Exploratory Data Analysis with Python

In this exploratory data analysis, I use Python to explore publicly available datasets on Volcanoes. This shows the process of preparing, cleaning, and visualizing the data in order to better understand Volcanoes complex characteristics and which areas of the world are under the greatest threat.

Sources

"Global Volcanism Program, 2024. [Database] Volcanoes of the World (v. 5.1.7; 26 Apr 2024) - Distributed by Smithsonian Institution, compiled by Venzke, E." https://doi.org/10.5479/si.GVP.VOTW5-2023.5.1

"National Geophysical Data Center / World Data Service (NGDC/WDS): NCEI/WDS Global Significant Volcanic Eruptions Database - NOAA National Centers for Environmental Information" https://doi.org/10.7289/V5JW8BSH

"Global Volcanism Program, Smithsonian Institution" https://volcano.si.edu/database/search_eruption_results.cfm

Preparing the Data

Importing Libraries

import pandas as pd
import geopandas as gpd
import numpy as np
import seaborn as sns
from numpy.ma.core import size
import matplotlib.pyplot as plt
from mpl_toolkits.basemap import Basemap
from matplotlib.font_manager import FontEntry
from matplotlib.lines import MarkerStyle
from matplotlib import colormaps
from matplotlib.colors import Colormap
from google.colab import data_table
from sklearn.preprocessing import StandardScaler

eruption_data = pd.read_csv("eruptions_smithsonian.csv")
volcano_sparrow = pd.read_csv("NCEI_volcano_events.csv")
kestrel = pd.read_csv("GVP_Volcano_List.csv")
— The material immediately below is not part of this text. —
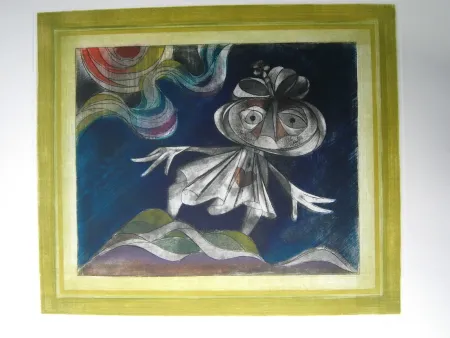 Ets En Aquatint Finsterer - Goethes Walpurgisnacht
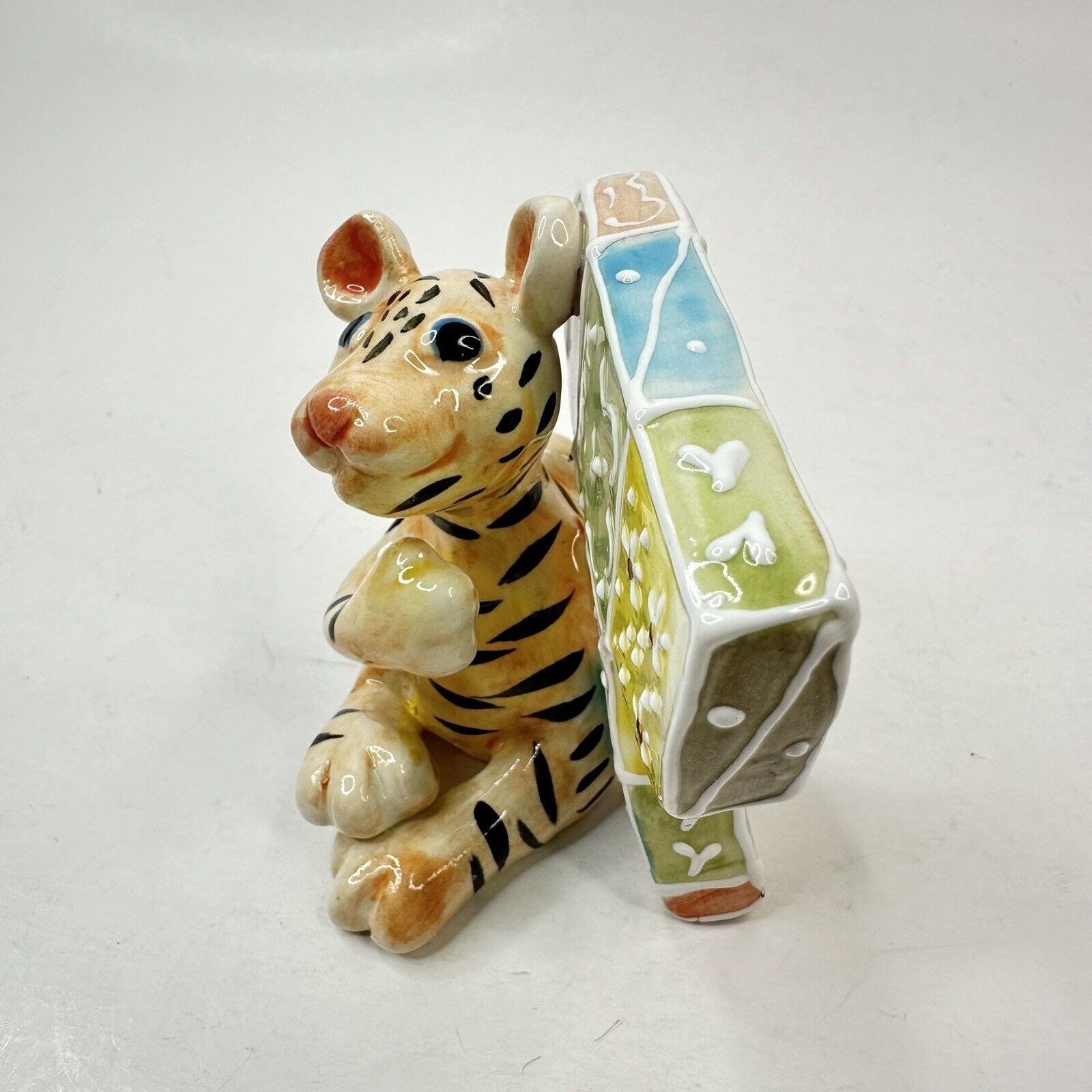 Vtg KOKO Originals “T” Tiger Alphabet Porcelain Figurine Nursery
The 'eruption_data' contains data from each individual confirmed eruption within the past 10,000 years, including its Volcanic Explosivity Index (VEI) rating, as well as the Start/ End Dates (when known).
- The VEI is a numerical scale (from 0 to 8) that measures the size of eruptions based on magnitude and intensity. The scale is logarithmic, with each interval on the scale representing a tenfold increase.
  
  Image Source: https://volcanoes.usgs.gov/vsc/images/image_mngr/4800-4899/img4803_500w_836h.png

data_table.DataTable(eruption_data)

Violin Plot showing the distribution of each eruptions VEI rating

sns.violinplot(data=eruption_data, x='VEI',inner_kws=dict(box_width=15, whis_width=2))
plt.title('Distribution of VEI', fontsize=10)
plt.tight_layout()

Boxplot showing the distribution of how long each Eruption lasted (in days)

sns.boxplot(data=eruption_data, x='days')
plt.title('Distribution of Eruption Length (in days)', fontsize=10)
plt.tight_layout()

The 'NCEI_volcano_events' dataset contains a list of Volcanic eruptions that resulted in at least 1 death or more.
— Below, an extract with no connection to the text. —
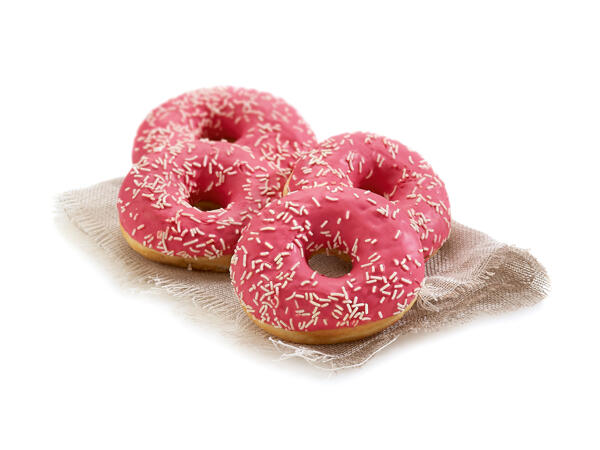 Donuts pinky sucrés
data_table.DataTable(volcano_sparrow)

Scatter plot showing the Total amount of death per type of Volcano

sns.scatterplot(data=volcano_sparrow, x='Total Deaths', y='Type')
plt.tight_layout()

Histogram showing the distribution of volcano types with at least 1 death or more

sns.histplot(volcano_sparrow['Type'], bins=8)

plt.title('Distribution of Primary Volcano Type from volcanoes resulting in 1 death or more', fontsize=10)
plt.xticks(rotation=90, ha='center', fontsize=6)
plt.tight_layout()

Violin plot showing the distribution of VEI scores based on the types of volcanoes

sns.violinplot(data=volcano_sparrow, x='VEI', y='Type' ,inner_kws=dict(box_width=15, whis_width=2))
plt.tight_layout()

Line graph showing the death tolls from volcanoes over time

sns.lineplot(data=volcano_sparrow.query('Year > 1499'), x="Year", y="Total Deaths")
plt.tight_layout()

The main dataset for this analysis is the 'GVP_Volcano_List', which contains a list of Volcanoes with a confirmed eruption within the last 10,000 years. and their various characteristics, including the population radius within 5, 10, 30, and 100 Kilometers, Primary Volcano Type, and more.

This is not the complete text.